3La conception holmésienne des indices est liée à la formation médicale de Sir Arthur Conan Doyle, un médecin fin-de-siècle tout à fait typique, qui écrit conjointement des articles médicaux et des récits, et qui caresse, avec ses romans historiques, l’ambition de devenir l’égal de Walter Scott. Ce n’est pas un brillant praticien, mais pas non plus un mauvais médecin comme on le lit parfois. Il s’intéresse aux questions à la mode : la vaccination, dont il est un ardent défenseur, les sciences psychiques émergentes, la question de l’invisible… C’est aussi l’exact contemporain de Freud, et comme lui, il a abandonné la pratique médicale pour résoudre d’autres énigmes. Un médecin réputé pour ses diagnostics fulgurants, Joseph Bell, chef de clinique et professeur de chirurgie à Édimbourg, est le modèle bien connu du fameux détective, revendiqué par l’auteur lui-même qui explique avoir voulu écrire des histoires « où le héros résoudrait les énigmes comme le Dr Bell soignait les maladies2 ».

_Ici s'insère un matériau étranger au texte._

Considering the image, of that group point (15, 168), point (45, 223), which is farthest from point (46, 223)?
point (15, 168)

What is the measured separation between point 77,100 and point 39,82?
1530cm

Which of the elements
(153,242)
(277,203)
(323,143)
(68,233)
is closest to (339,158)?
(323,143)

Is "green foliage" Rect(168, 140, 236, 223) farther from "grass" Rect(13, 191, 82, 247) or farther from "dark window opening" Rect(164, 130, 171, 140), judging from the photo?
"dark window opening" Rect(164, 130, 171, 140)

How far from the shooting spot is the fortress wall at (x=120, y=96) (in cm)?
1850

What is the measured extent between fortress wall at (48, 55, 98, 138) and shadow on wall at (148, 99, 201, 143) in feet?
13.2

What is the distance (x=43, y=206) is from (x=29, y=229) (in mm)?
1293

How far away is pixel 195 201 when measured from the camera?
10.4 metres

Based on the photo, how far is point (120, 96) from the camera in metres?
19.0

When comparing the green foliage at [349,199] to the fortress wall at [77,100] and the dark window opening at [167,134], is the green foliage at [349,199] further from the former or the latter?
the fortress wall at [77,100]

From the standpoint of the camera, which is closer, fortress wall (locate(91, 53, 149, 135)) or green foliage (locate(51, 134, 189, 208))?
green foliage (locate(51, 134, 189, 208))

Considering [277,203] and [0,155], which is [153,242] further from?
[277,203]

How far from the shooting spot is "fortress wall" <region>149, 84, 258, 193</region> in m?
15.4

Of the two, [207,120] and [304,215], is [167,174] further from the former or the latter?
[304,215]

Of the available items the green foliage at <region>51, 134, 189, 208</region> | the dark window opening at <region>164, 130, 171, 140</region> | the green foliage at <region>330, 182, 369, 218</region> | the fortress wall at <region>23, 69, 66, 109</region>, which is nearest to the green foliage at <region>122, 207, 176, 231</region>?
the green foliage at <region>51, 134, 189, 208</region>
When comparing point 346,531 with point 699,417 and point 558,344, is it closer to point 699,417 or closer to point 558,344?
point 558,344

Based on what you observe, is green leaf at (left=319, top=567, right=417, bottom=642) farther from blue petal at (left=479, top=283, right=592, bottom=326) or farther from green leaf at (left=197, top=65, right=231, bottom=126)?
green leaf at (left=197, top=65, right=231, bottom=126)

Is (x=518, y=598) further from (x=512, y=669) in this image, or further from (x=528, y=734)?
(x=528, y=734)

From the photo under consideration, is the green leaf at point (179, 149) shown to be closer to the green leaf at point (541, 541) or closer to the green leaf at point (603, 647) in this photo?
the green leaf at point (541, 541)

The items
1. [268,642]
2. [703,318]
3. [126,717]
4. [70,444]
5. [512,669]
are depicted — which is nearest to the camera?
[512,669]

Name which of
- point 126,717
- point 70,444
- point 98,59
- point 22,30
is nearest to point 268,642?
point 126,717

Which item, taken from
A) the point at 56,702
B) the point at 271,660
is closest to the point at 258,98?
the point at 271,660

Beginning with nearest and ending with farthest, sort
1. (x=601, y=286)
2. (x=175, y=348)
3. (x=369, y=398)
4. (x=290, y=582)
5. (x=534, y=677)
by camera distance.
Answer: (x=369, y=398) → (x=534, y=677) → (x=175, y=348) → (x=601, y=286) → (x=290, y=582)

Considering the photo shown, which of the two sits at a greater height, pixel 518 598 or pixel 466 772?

4En racontant la construction d’un savoir comme une aventure palpitante, ces textes, dont la forme et les modalités de publication constituent un exemple de modernité (Dubois, 2012), transposent dans la fiction la question du diagnostic, de ses moyens techniques et méthodologiques, qui traverse tout le XIXe siècle médical. « Comment savoir ? » se demande Bichat (1771‑1802) qui développe la connaissance rationnelle des maladies par la systématisation des autopsies. « Comment savoir ? » se demande Laennec (1781‑1826), qui invente l’auscultation et le stéthoscope. « Comment savoir ? » se demande Conan Doyle qui imagine, aux côtés d’un médecin ordinaire, un génie clinique, savant et perspicace. Et le quidam interroge de même l’inférence audacieuse du détective : « comment le savez-vous ? ».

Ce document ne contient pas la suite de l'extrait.